恋文
阿久 悠
【恋文 LOVE LETTER】 阿久 悠 著
阿久 悠さんはピンクレディー、沢田研二等などの歌う作詞家として、超有名な人である。
あのごつい顔で、とてつもないいい歌詞ができるものだと感心させられる。
「恋文」をめぐる24の物語である。一般的な普通の若い男女の恋文は少ない。天国の夫に宛てたものや、嫁ぎ行く娘から一人で育ててくれた父親に宛てたもの、などなどである。
本のあとがきに
『恋文は、自分の思いのたけを伝えるわけですから、本音の伝達ということになります。・・・・・・(中略) 人間は、生きていること自体、どこか切ないものです。真面目に、懸命に、美しく生きようとすればするほど、その切なさはふくらみます。そして、自分自身で抱き抱えていることの限界を感じた時、恋文を書くのです。それはどこか祈りに近いもので、どのようにあからさまに思いを伝えても、下品にはなり得ないものだと思います。 』
僕は恋文を書いたことも、もらったこともないので、その感慨はないが、そのわくわくした気持ちは十分わかるような気がします。一,二度は、もらったような気がするが恋文というものでなく、どこかへ一緒に遊びに行きませんか、というそんなものだった。それでも、胸キュンになったのを憶えている。
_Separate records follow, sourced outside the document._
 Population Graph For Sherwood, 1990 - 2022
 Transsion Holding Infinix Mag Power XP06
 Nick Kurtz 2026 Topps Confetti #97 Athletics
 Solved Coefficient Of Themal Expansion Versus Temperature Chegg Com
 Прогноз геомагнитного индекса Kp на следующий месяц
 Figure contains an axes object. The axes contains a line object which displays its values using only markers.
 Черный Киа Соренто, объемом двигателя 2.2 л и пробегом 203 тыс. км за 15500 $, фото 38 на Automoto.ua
自分が恋文を書くならば、どんな思いを相手に伝えるだろうか。
《 あなたへ
時はいじわるだと、つくづく思う。
なぜもっと早くあなたと、会わなかったということです。
二人で感じた風は、空気は、僕は忘れはしない。
二人で歩いた街は、都市は、僕は忘れはしない
あなたが、ちょっと気に入った男が
百回、愛していると言ったら
僕は、千回は言うだろう
あなたが、ちょっと気に入った男が
千回、メールしてきたら
僕は、八千回はするだろう
僕にとっては誰がなんと言おうと、あなたは僕にとって女神なのです。
女神はほんのすこし、微笑んでくれるだけでいいんです
単純でしょうが、ファイトが湧いてくるのです。………… 》
恋文は、思いのたけを伝えることは単純だが、難しい。